To minimize the number of calls to YouTube, edit the dates in the request.

In [20]:
request = youtube.search().list(
    part="snippet",
    channelId="UCVQJZE_on7It_pEv6tn-jdA",
    maxResults=31,
    publishedAfter="2023-01-01T00:00:00Z",
    publishedBefore="2023-02-01T00:00:00Z",
    type="video"
)
response = request.execute()

Remember that the response has lots of metadata! If you are interested, you can dive into the other keys in the response dictionary, but for this project, I only care about `items`.

In [21]:
response.keys()

dict_keys(['kind', 'etag', 'regionCode', 'pageInfo', 'items'])

I'll check that the response has the number of items I expect: Sydney published 20 videos in January 2023.

In [22]:
len(response['items'])

20

Great! Now I am ready to create the dataframe of metadata for the month. I'll start with the video ids, their titles, their publication dates, and descriptions.

You'll notice that I do a couple of checks after extracting the data: what is the length of the list and what the content looks like. 

In [23]:
ids = []
for item in response['items']:
    id = item['id']['videoId']
    ids.append(id)

In [24]:
len(ids)

20

In [25]:
ids[0]

'A5kHPgAi3I0'

In [26]:
titles = []
for item in response['items']:
    title = item['snippet']['title']
    titles.append(title)

In [27]:
len(titles)

20

In [28]:
titles[0]

'30 Minute Lean Legs &amp; Cardio Workout | EFFORT - DAY 3'

In [29]:
times = []
for item in response['items']:
    time = item['snippet']['publishedAt']
    times.append(time)

In [30]:
len(times)

20

In [31]:
times[0]

'2023-01-04T10:00:04Z'

You'll notice that this is getting a little repetitive and you might be thinking I should write a function to get this done. If I were putting this into production somewhere, I would agree with you.

In [32]:
descs = []
for item in response['items']:
    desc = item['snippet']['description']
    descs.append(desc)

In [33]:
len(descs)

20

In [34]:
descs[0]

"Oh my Quad! It's DAY 3 of our PROCESS program and this workout is going to push you by getting your heart rate up and working ..."

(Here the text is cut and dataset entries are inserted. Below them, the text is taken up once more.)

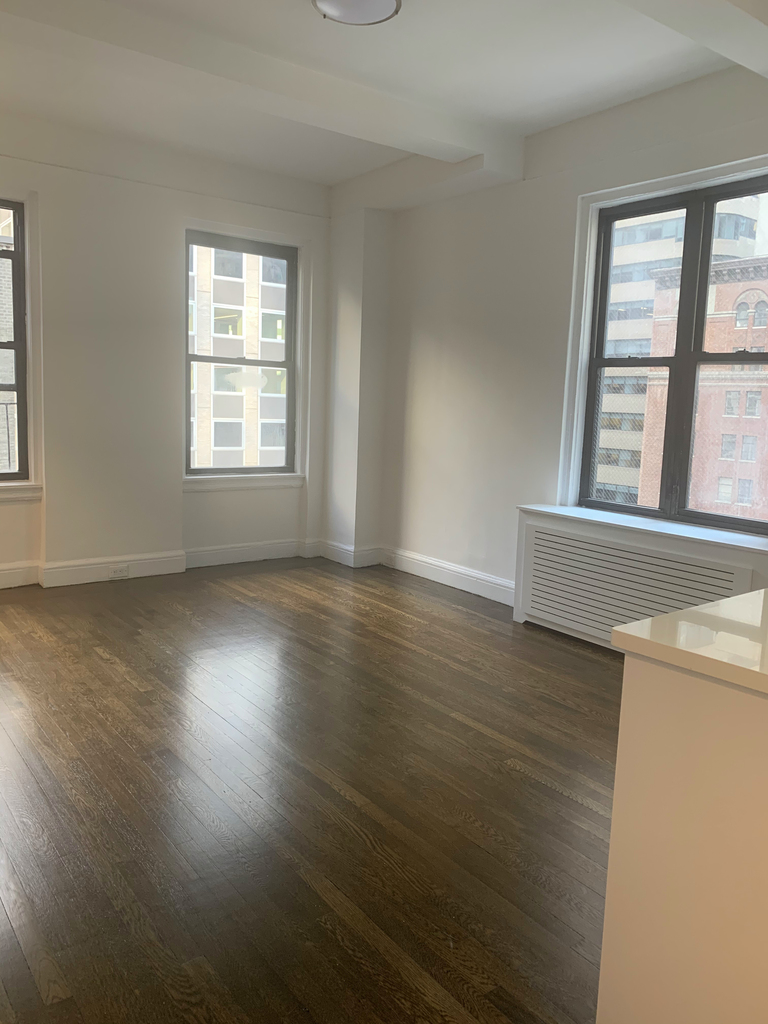 140 East 46th Street - Photo 2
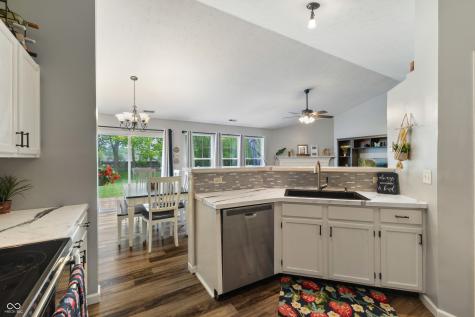 3902 Cherry Blossom Boulevard Indianapolis IN 46237
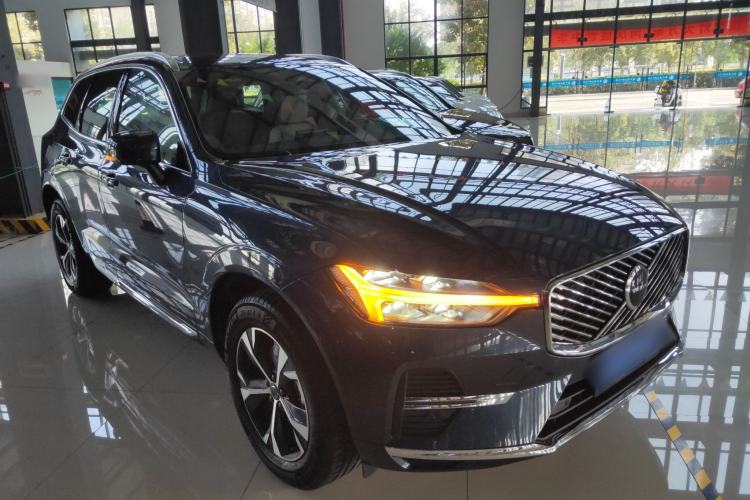 Used Volvo XC60 2026 B5 4x4 Smart Luxury Edition

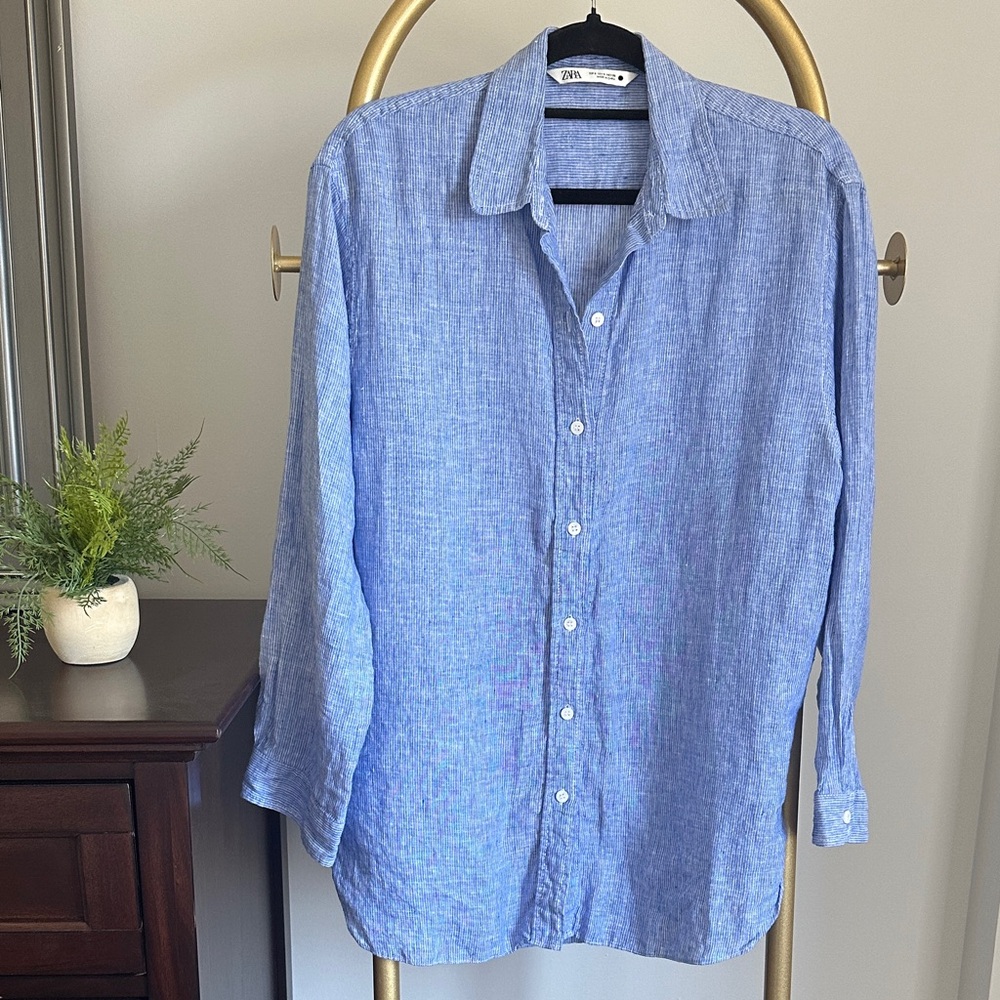 ZARA blue & white pinstripe linen button down shirt (size small) ✨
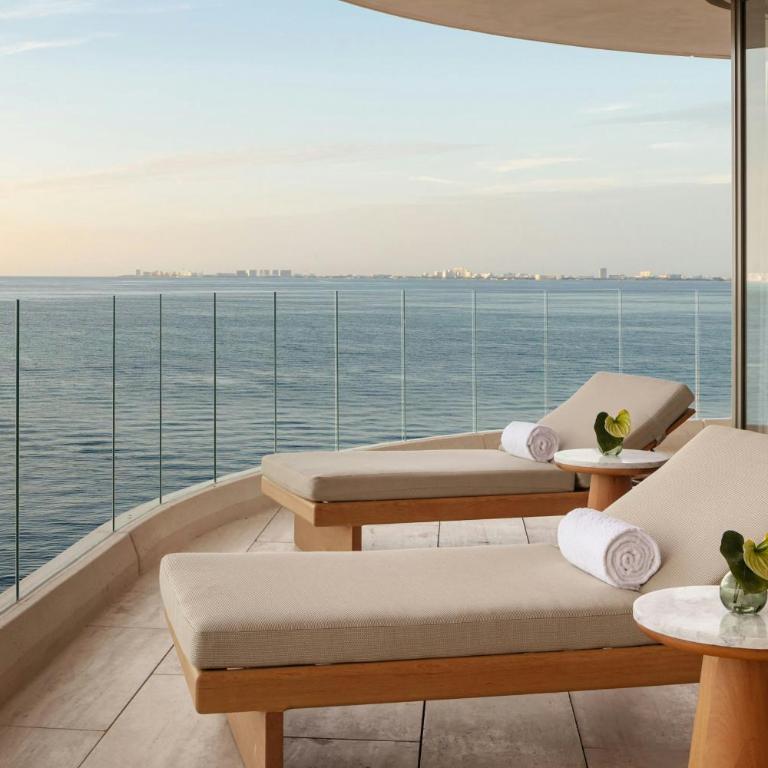 The St. Regis Costa Mujeres Resort, Cancun - One-Bedroom Caroline Astor King Suite with Ocean View and Tub - 4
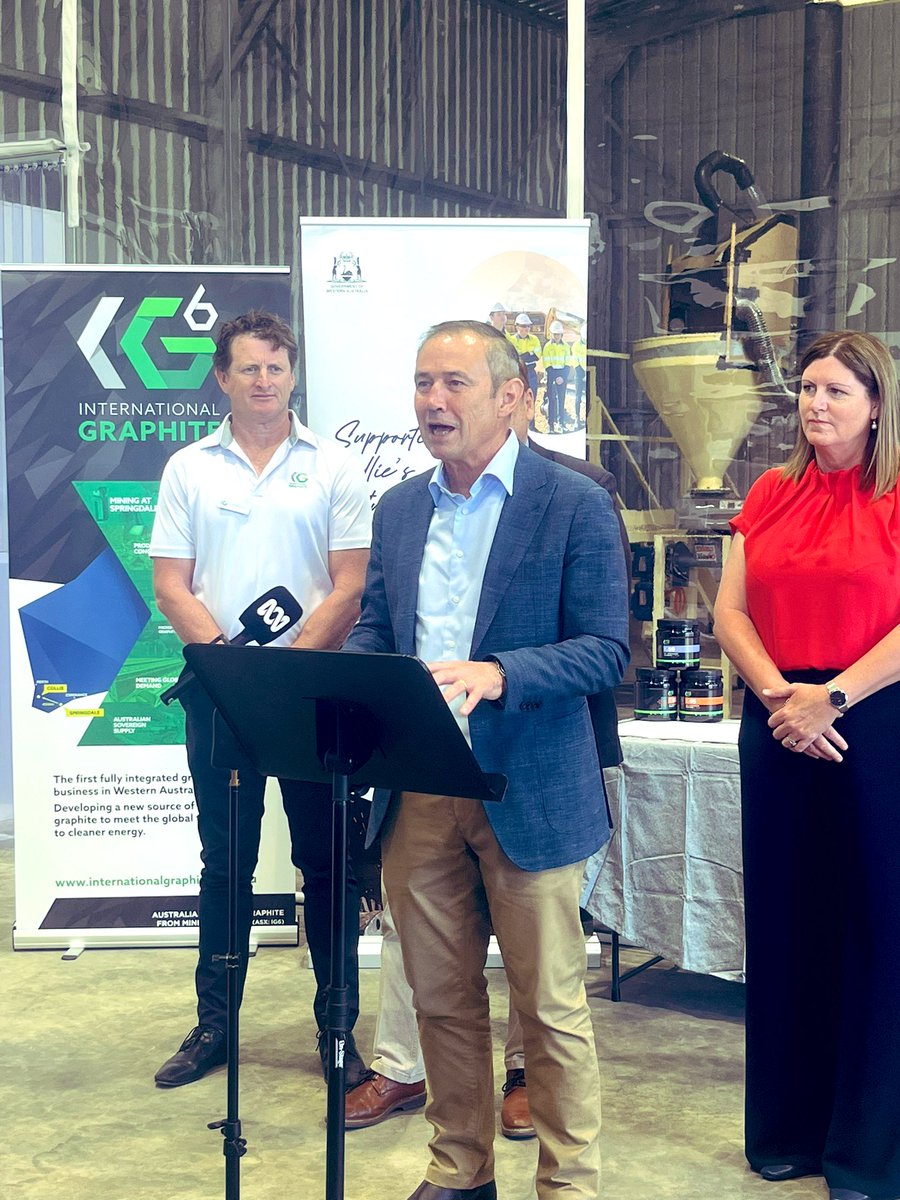 Saturday was a huge day for International Graphite #IG6
 
The Premier announced a $6.5 million grant for IG6 to advance their #graphite plant in Collie! Check their announcement!

Below 👇 
Premier of Western Australia (speaking) and Andrew Worland - CEO and MD of @IntGraphite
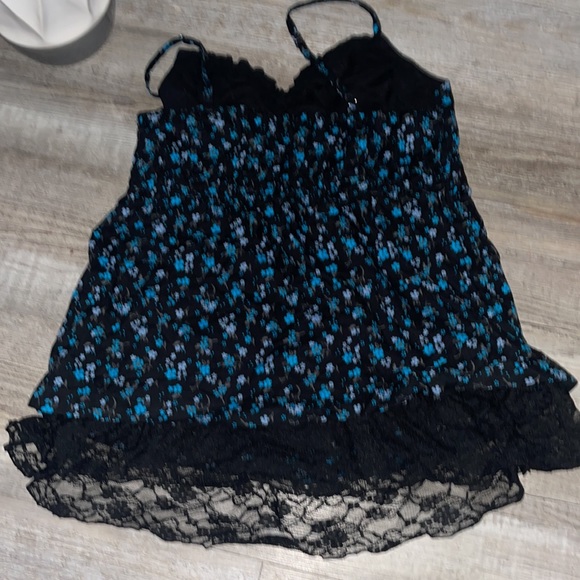 Floral pattern tank top with black lace trim at the bottom - Picture 2 of 3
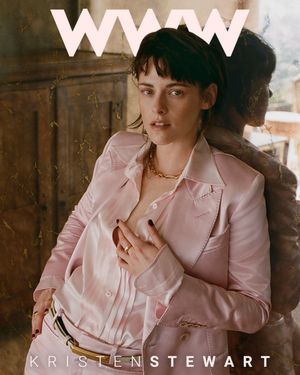 Image post by @WhoWhatWear on Twitter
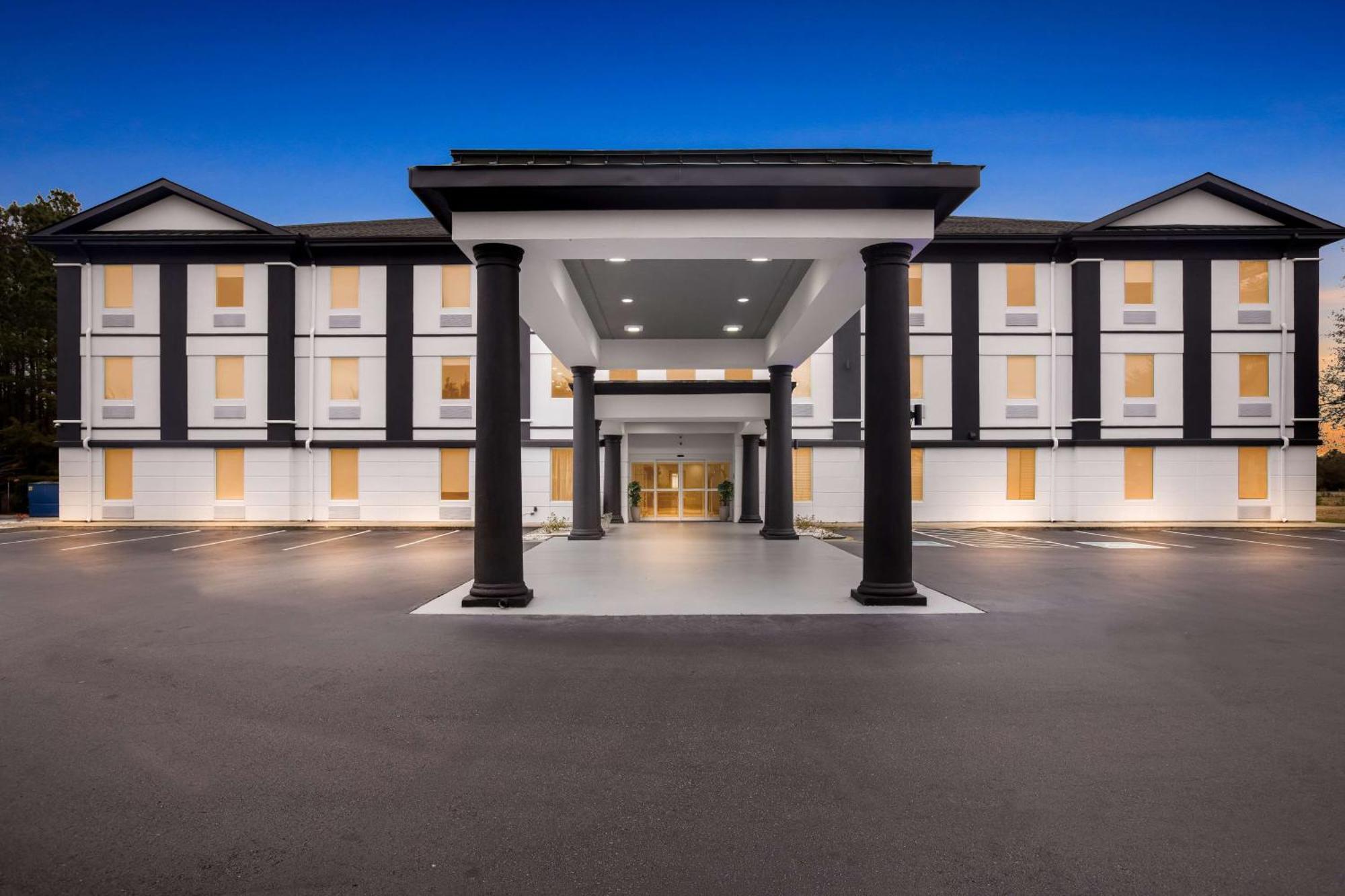 Sonesta Essential Savannah Exterior photo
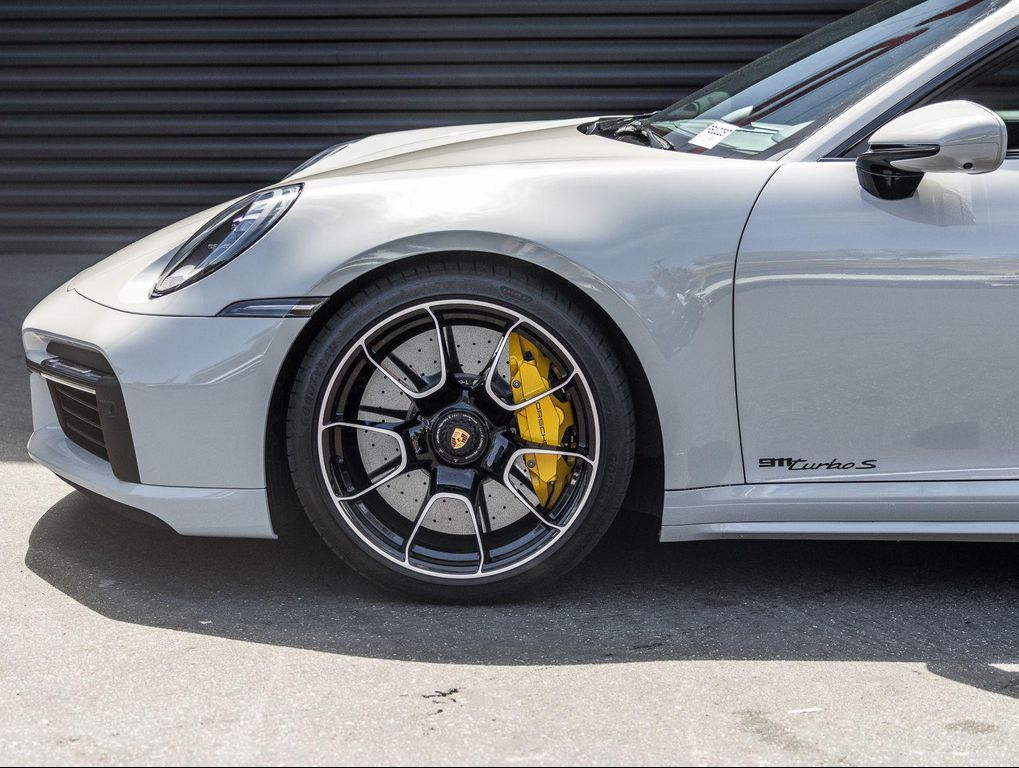 صورة مصغرة 26 لـ 2021 Porsche 911 TURBO S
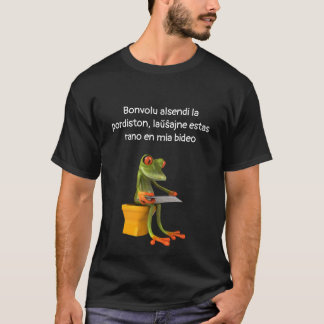 Frosch in einem Bidet, dunkles Shirt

We can now create the dataframe of metadata about Sydney's videos for the month of January.

In [37]:
data = pd.DataFrame({'vid':ids,'title':titles,'published':times,
             'description':descs})

In [38]:
data.head()

Unnamed: 0,vid,title,published,description
0,A5kHPgAi3I0,30 Minute Lean Legs &amp; Cardio Workout | EFF...,2023-01-04T10:00:04Z,Oh my Quad! It's DAY 3 of our PROCESS program ...
1,DhnmowHRYjk,40 Minute Legs &amp; HIIT Cardio Sweat Workout...,2023-01-18T10:00:12Z,Let's work today everyone! It's DAY 13 of our ...
2,WbkHfqIuhcE,30 Minute Lower Body &amp; Jump Rope Bootcamp ...,2023-01-14T10:00:20Z,Let's work today everyone! It's DAY 10 of our ...
3,kU8M0Sc_WTQ,40 Minute Legs &amp; Abs Sculpt Workout | EFFO...,2023-01-25T10:00:32Z,Let's work today everyone! It's DAY 18 of our ...
4,lijTEQmIo4o,45 Minute Greatest Glutes &amp; Cardio Workout...,2023-01-28T10:00:27Z,It's the final workout of EFFORT in January 20...


Looks good! I notice, however, that the `published` values are not in chronological order. Just something to keep in mind in the future.